For example, a network connection (line/link) between the main office and a remote office can be analyzed by installing one Multimeter at the main office and another Multimeter at the remote office.

Only network traffic (packets) passing through both Multimeters can be analyzed. The packet loss and two-way-latency thereof is measured and shown in graphs.

The time synchronization setting (e.g. NTP/PTP or OFF) should be the same on both devices for the best results.

In Firmware version >= 3.3, it is also possible to use a single device to measure the traffic delay/losses between two different virtual link groups. In this mode, the primary device is used as a client too.

Overview

The main device captures packet meta data from the remote (or client) device which takes only a fraction of the total traffic. Approximately 5% additional bandwidth is required for this capture connection. So for fully loaded 100 mbit/s connection to the remote location an additional load of ~5 mbit/s is required to get packet information to the main device. The measurement connection can be a separate line or can be run over the line that is measured, the capture connection will be automatically ignored for the measurement. The measurement module must be configured with a maximum packet delay. This delay describes the amount of time the main device waits for packet information to arrive from the remote device. The delay must be large enough to cover the actual latency of the connection and delay of the capture connection. Typical values are between 2 and 5 seconds. Larger values requires more memory to buffer packet meta data so very large values might only be selectable on larger Multimeter devices (Allegro 1000 or greater).

Configuration

Ap-mm-path-measurement-1.png

Settings

  • Enable analysis: This will disable or enable the path measurement feature. When disabled, no additional memory is used. When enabled, memory for the packet buffer is used which cannot be used for other analyzing modules thus reducing the maximum time the device can go back in time.

Primary device settings:

  • Description of this main device: This field is only used for informational purposes to identify the main device. It can be freely chosen, for example to the location the device is installed. This field can also be left empty to use the default name main.
  • Primary device VLG filter: It is possible to limit the amount of data analyzed by any configured virtual link group. Often, the primary device is located at a central network point and thus sees a lot of traffic that is not actually going to the remote device. The algorithm will automatically take this into account, but using a filter will reduce the processing overhead as well as the amount of data that needs to be buffered.

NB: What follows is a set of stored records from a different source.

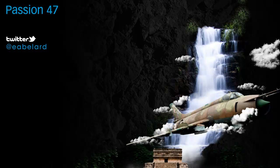This is Edison Abelard and in this video we're going to discuss how to move objects in Unity 3D using force.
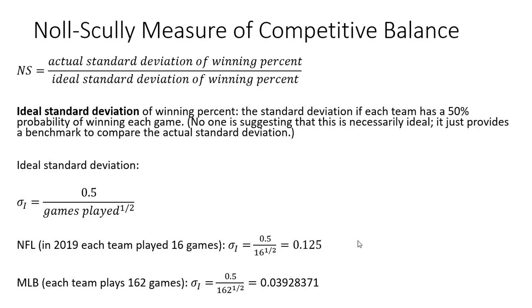For Major League Baseball, if we were to try to calculate the ideal standard deviation, the numerator is exactly the same, 0.5. The denominator now is the square root of 162 games. Each team plays 162 games.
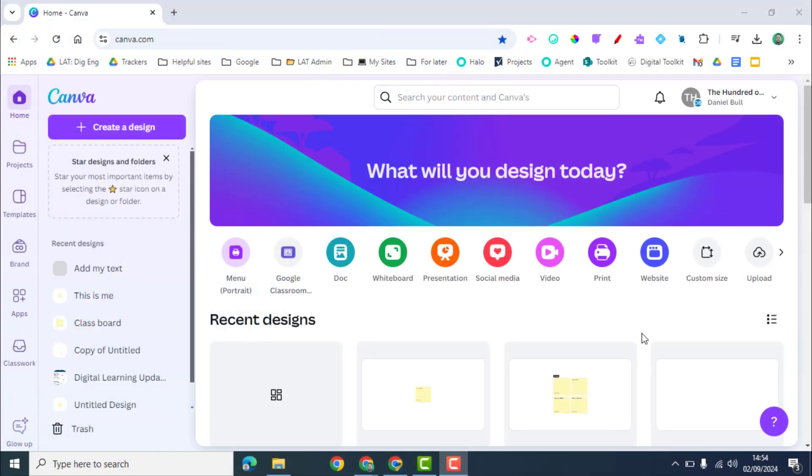Hello and welcome. Today we're going to be looking at the sticky note feature on Canva Whiteboard. As an organization we've been using Jamboard previously for this, but with that being sunsetted, we're now looking at alternatives and this is a great option. So if we're going to sign into our Canva account with our school accounts,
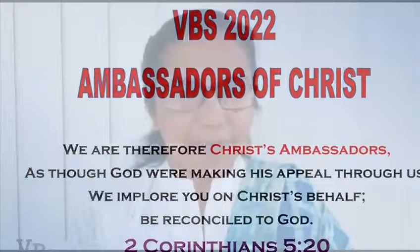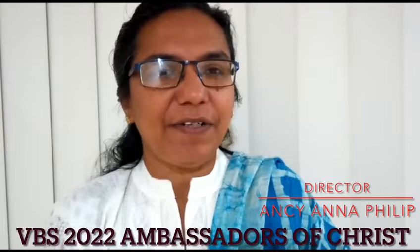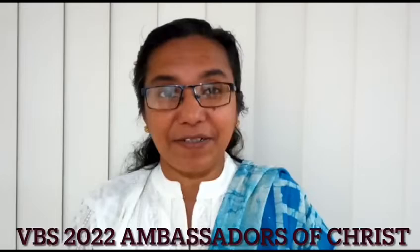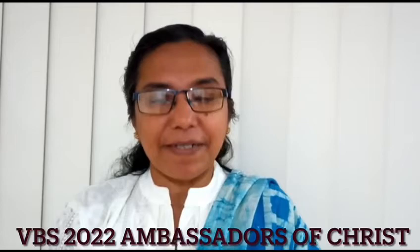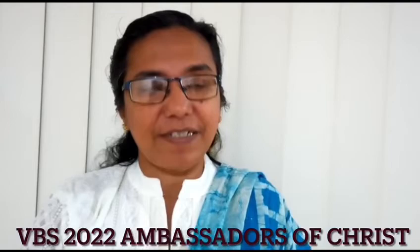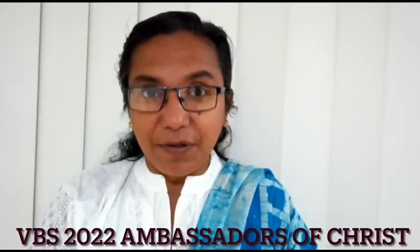In the name of our Lord and Savior Jesus Christ, hi dear ones. Our VBS days are coming soon. Let us be ready to learn songs, action songs, and stories. The theme of this year's VBS is Ambassadors of Christ. Who is an ambassador? Everyone who loves Jesus and walks in his path are ambassadors of Christ.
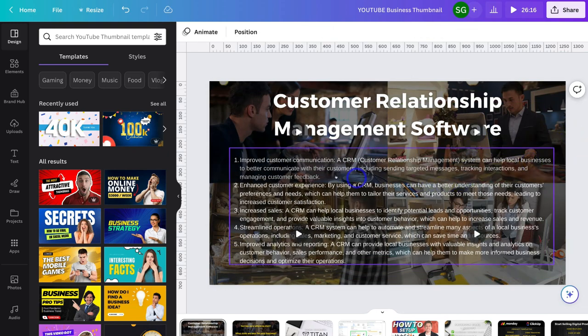And here's the result. Number one: 'Improve customer communication — a CRM can help local businesses better communicate with their customers, including sending targeted messages, tracking interactions, and managing customer feedback.' The other points are added below. Again, I'd take the time to slightly customize and change the content to make it my own, but I hope that gives you a good idea of how MagicWrite works.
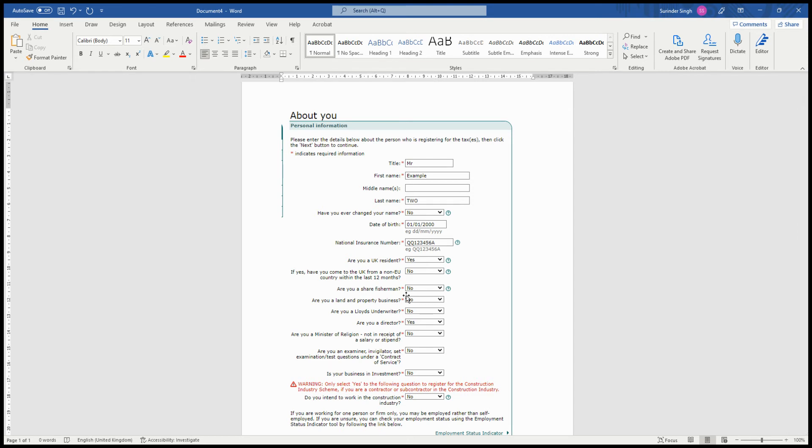If you're planning to start a business, you need to register for a UTR number, which is for self-employed individuals. This is the form you will be filling in. You need to fill in the title: Mr., Mrs., and so on.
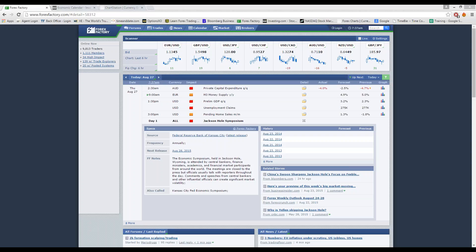What else do we have today? At 3 o'clock BST, we have the pending home sales for July. That's going to come out. The forecast is at 1.0%. That's also for the US.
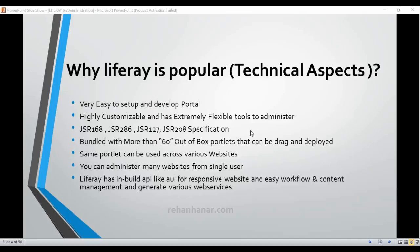Hello again friends, this is Rehan and in this third tutorial we are going to see why Liferay is popular in technical aspects. In the last tutorial we saw why Liferay is popular in business aspects, but in this tutorial we are going to see why it is popular in technical aspects for developers.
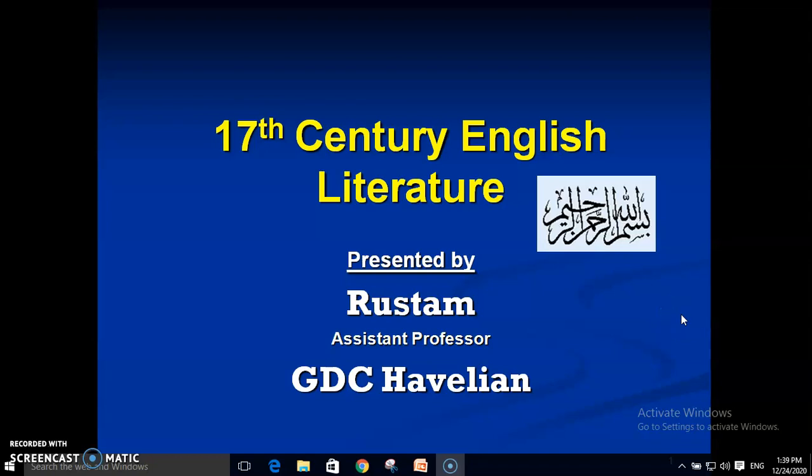Bismillah ar-Rahman ar-Rahim. Assalamu alaikum. This is Rustam and today I'm going to record a fresh lecture on the topic 17th century English literature. This is being recorded for students who are studying history of English literature at Aast and Azaraj University at Tabar. These two universities offer this course in the first semester of BS English. Other students can also listen to this lecture and profit by its content.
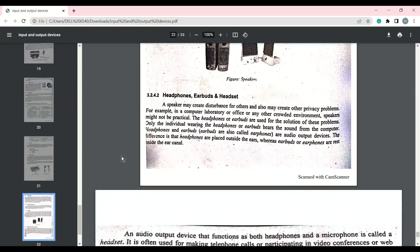Speaker سے جو audio output produce ہوتا ہے وہ اس کی range میں سب کو سنائی دیتا ہے۔ لیکن کبھی کبھی، جیسے travel کرتے وقت یا public place میں، speaker سے audio produce کرنا بہت سارے لوگوں کے لیے annoying ہوتا ہے۔ اس لیے headphone، earbud یا hands free جیسی audio output devices use ہوتی ہیں، جن سے صرف وہی شخص audio سن سکتا ہے جس کے کانوں کے ساتھ وہ attached ہوتی ہیں۔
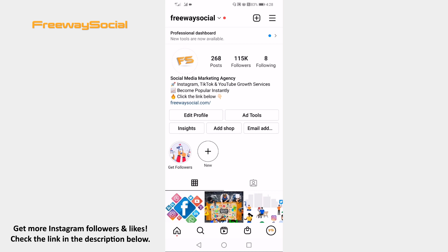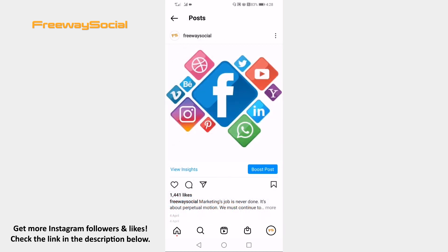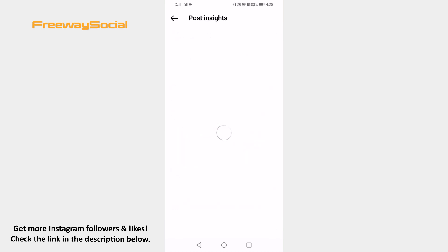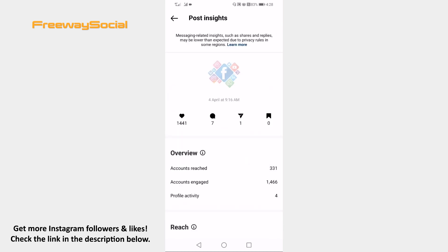Tap on the post which insights you would like to see. Now click on 'View Insights' at the left. In this page you will see all the post insights such as like count, comment count, and reach.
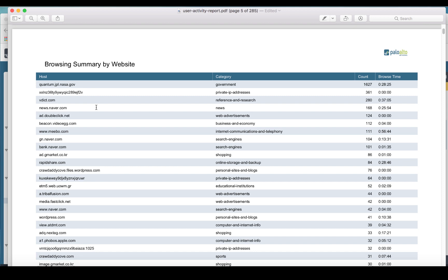Not like this report that I'm showing you here—this is just a demo report. When he looked at his report, the browsing summary by website had nothing in it. There were no websites, nothing to reference, so the user report was pretty worthless for him.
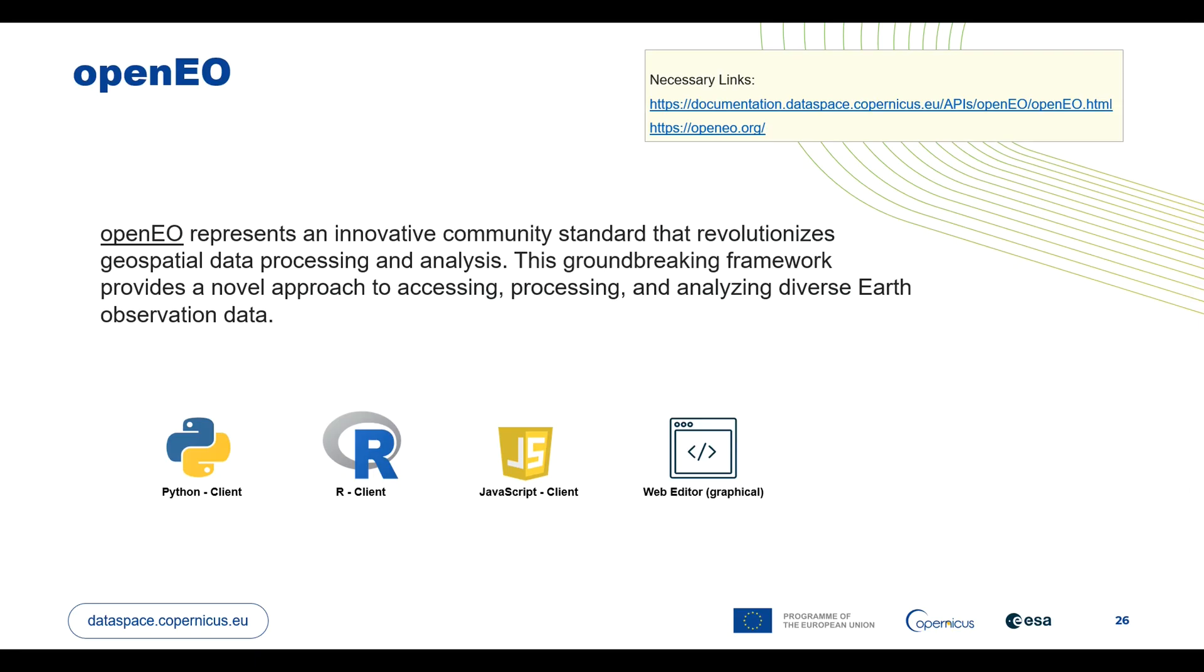I hope you are aware of the term OpenEO, or for more detail you can also visit our documentation and there is also a link to the OpenEO main page.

The following Client device configuration section configures the access to the remote device:

  • Device to use: To use a remote device for path measurement, you first need to add that device as a remote device the list of Multi-device settings. It does not matter if the device is active or not. You can select the device from the list of known multi-devices. You can also select the primary device as a client to analyze the traffic between two different virtual link groups.
  • Device description: Similar to the description of the main device, this field is for informational purpose only and has no other effect than helping identifying the remote device in the statistics. Usually the location of the remote device is entered.
  • Client device VLG filter: The traffic used for comparison at the main device can be filtered to any virtual link group defined at the client device. There are two main purposes for this setting:
    1. reduce the amount of data required to be transferred to the main device. The path measurement only considers connections seen on both devices, but the client device of course cannot know if any connection it sees also is visible on the main device. If only traffic of a specific virtual linkg group (VLG) actually reaches the main device, using this filter can reduce the amount of data transferred and later dismissed.
    2. filter duplicate traffic: If, for some reason, traffic is seen multiple times, it can create wrong results as the number of occurrences differs from main to client devices. A VLG filter can fix this problem by only considering one part of the total traffic.


Measurement settings:

  • Maximum packet delay: This field describes the maximum amount of seconds to wait for packet information from the remote device.
It basically means that the main devices waits for this number of seconds before deciding if a packet has been lost or not. If the data from the remote device arrives before those number of seconds, the path measurement can account the packet loss, if any and the two-way latency. This value must be at least as large as the worst-case latency between both measurement sites.
Usually 3 seconds are more than enough but when the network in between can have a very long delay, you can increase the value. This will, however, use more main memory for the packet buffer.
  • Ignore IP identification field: This option can be enabled if the IP identification field in the IPv4 header is modified by some component in the network. Often it remains constant for a single packet so this option should be left disabled as it will also increase the chance of reporting duplicate packets. But if you notice symmetrical packet loss you can enable this option to see if this helps.
  • Ignore VLAN tags for connection matching: The path measurement only calculate loss and latency for connections seen on both devices. Usually the connection ID takes the IP pairs, port ports and possible VLAN tags into account. If a VLAN is different on both machines for the some connection, then this option must be enabled to be able to correlate the connection and calculate correct statistics.
  • Account latency also per IP connection: Enabling this option will let the path measurement also store the latency for each individual IP connection, which of course increases the memory usage.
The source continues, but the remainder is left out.